We must be about our Father's business, and what a sign and a wonder that shall be to those around us! How these good works shine out in a dark and selfish world! How much more astounding when they are done without thought for reward! We don't do them to earn man's praise for ourselves. Far from it! We don't do them to earn God's praise for ourselves. We know we already have it! We don't do it to gain acceptance, nor to gain entrance into His realm. We are already children fully accepted, full-blooded citizens of that Kingdom. No, our reasons for doing these things are simply our love for our Father, and our purpose in declaring the goodness of His kingdom to all who will listen. We have tasted of the Father's ways, and seen how good they are. Now, our desire is that those who have yet to experience the wonderful wealth of His kingdom might also taste and see, and know that He who has created these good things, who has decreed these good things for His own, is Himself good.
We are His beacon in the dark, the light which declares safe harbor in the great storm of this wicked age. We are left to mark the way in a strange land, yet we never stand alone. Just as Israel was led in the wilderness by the cloud of His glory, the flaming pillar of His presence, so we are led by the very real presence of God. The JFB commentary goes so far as to say it is the very same Person of the Holy Trinity which stands as the guide to His church now, who led Israel in the wilderness then. Perhaps so. He is, after all, evermore the same. This I know: like Moses before me, I am not willing that the Church should proceed where He does not go with us. It is certain death for those who would wander this dangerous land without Him. Too many churches have shown themselves willing to strike out on their own, leaving their god behind them. They have set themselves up as gods in His stead, and He will not be so mocked.

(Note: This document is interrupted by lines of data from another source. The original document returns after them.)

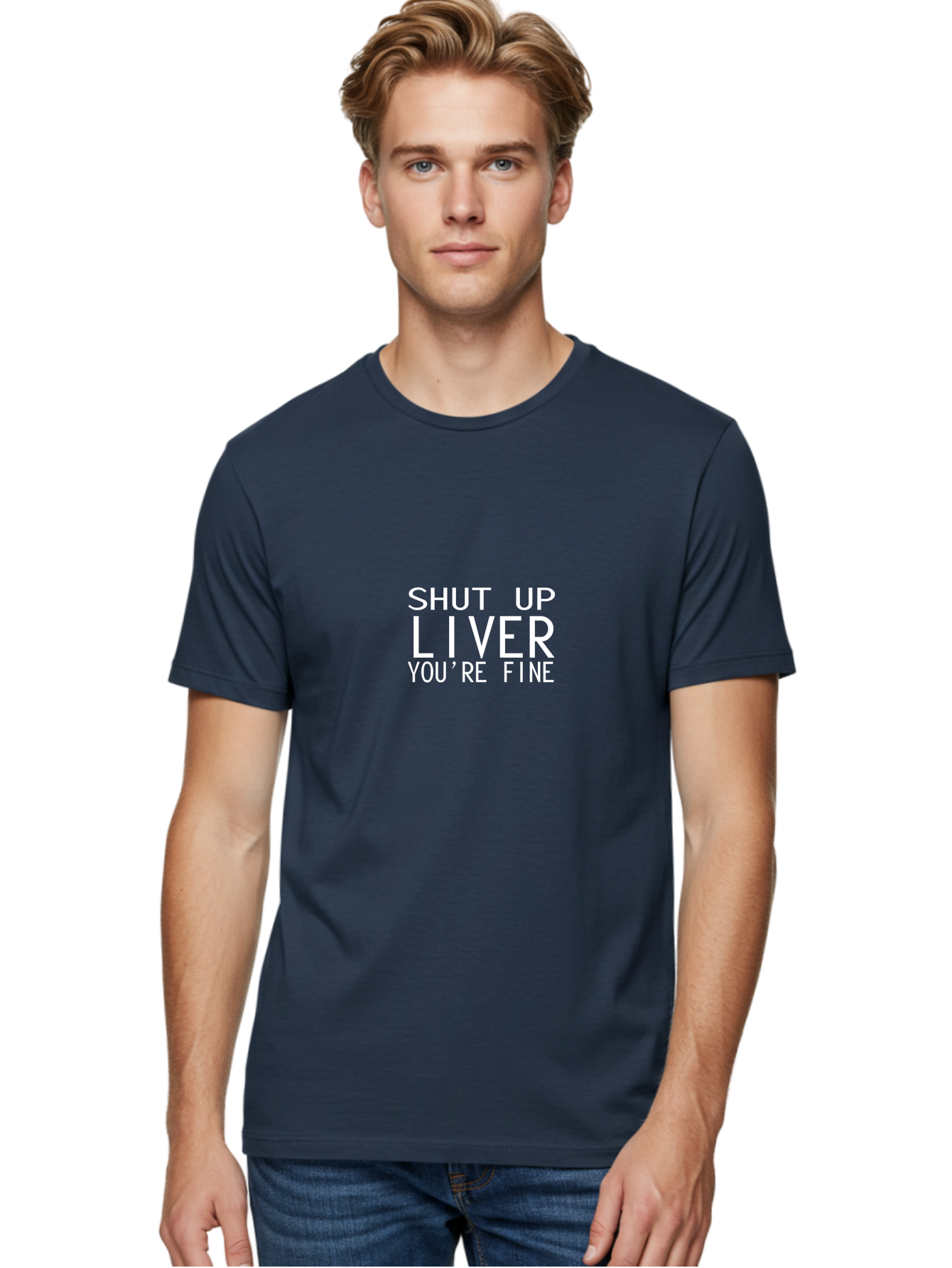 Shut Up Liver Men'S Graphic Tee, 100% Cotton, Comfortable Casual Summer Wear, Machine Washable, Funny Quote, Humoristic Saying, Witty Phrase, Liver Joke, Inspirational Quote, Motivational Words, Typographic Design Aae640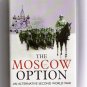 The Moscow Option - An Alternative Second World War Author David Downing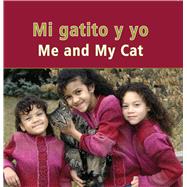 Mi Gatito Y Yo / Me and My Cat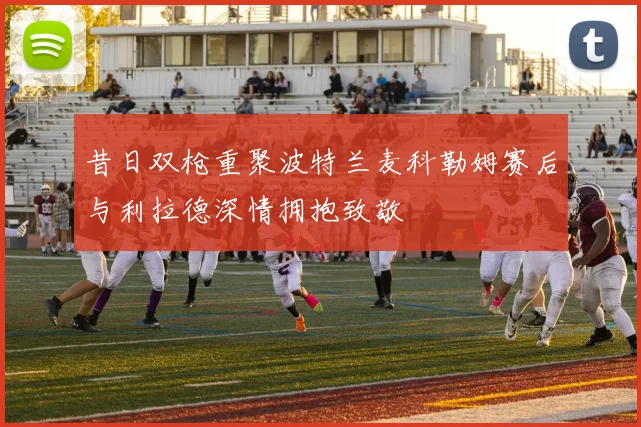 昔日双枪重聚波特兰麦科勒姆赛后与利拉德深情拥抱致敬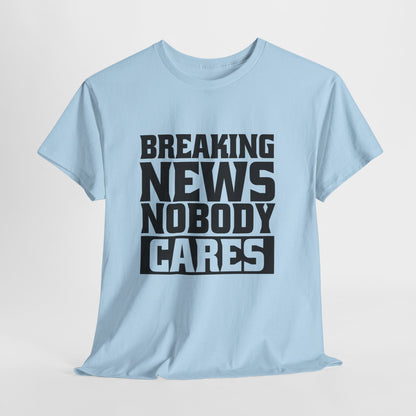 Breaking News Nobody Cares Unisex Cotton T-Shirt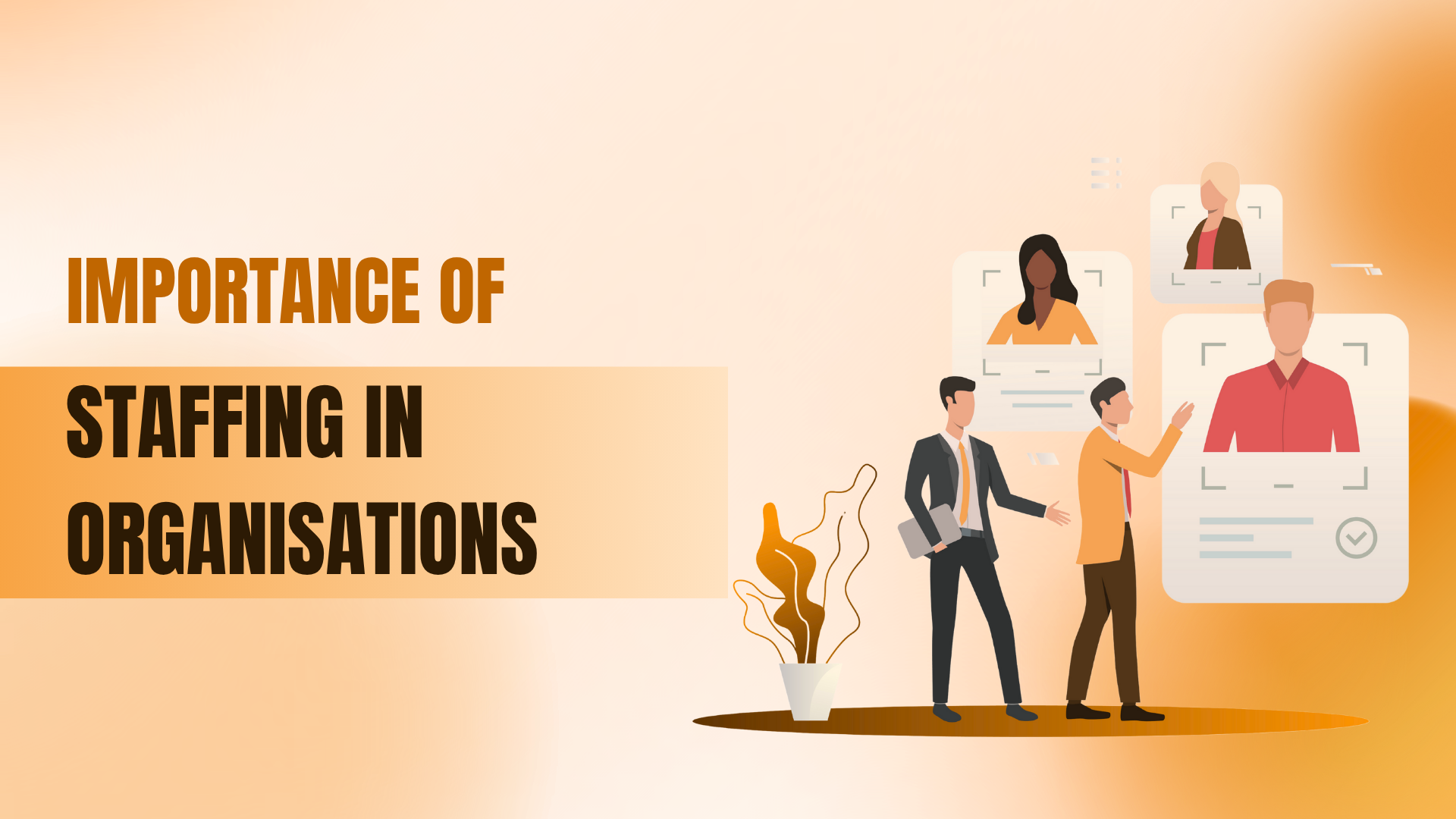 Importance of Staffing in Organizations
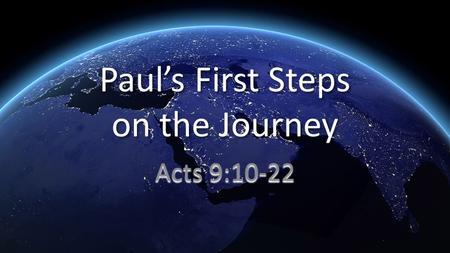 Paul’s First Steps on the Journey Acts 9:10-22. 10 There was a disciple in Damascus named Ananias. And the Lord said to him in a vision, “Ananias!” “Here.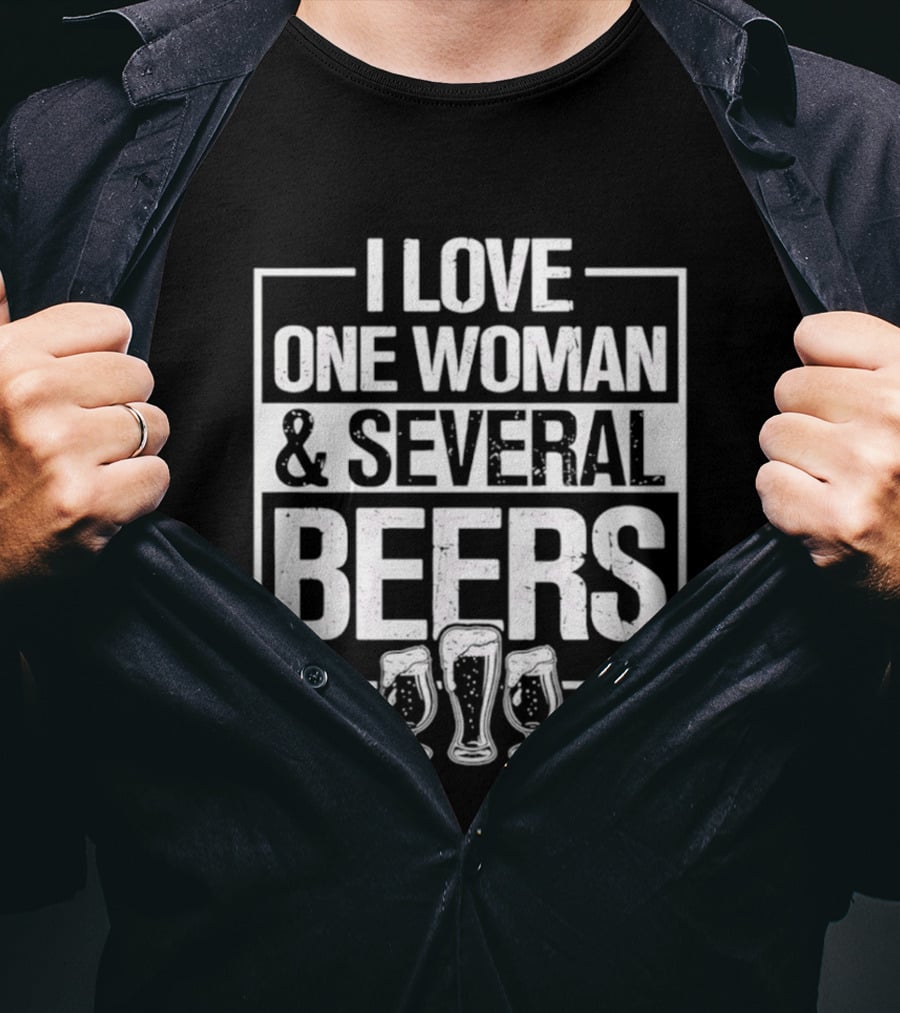 I Love One Woman And Several Beers Fun Drinking Humor T-Shirt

These towers of falsehood will fall, but what sorrow to consider how many are blinded by their dangerous lies in the meantime. Oh, that eyes might be opened! Oh, that men would flee from these slave traders! Oh, that we would learn the wisdom of our forebears in Plymouth, and 'follow no man further than he follows God.' He is evermore the same. Beware the voice that declares that He has charted a new course. His course is ever homeward, ever towards the heavenly throne. "He is My beloved Son. Hear Him." (Mk 9:7) Hear Him. Obey Him. Follow Him. You are His and His alone. Heed no other voice.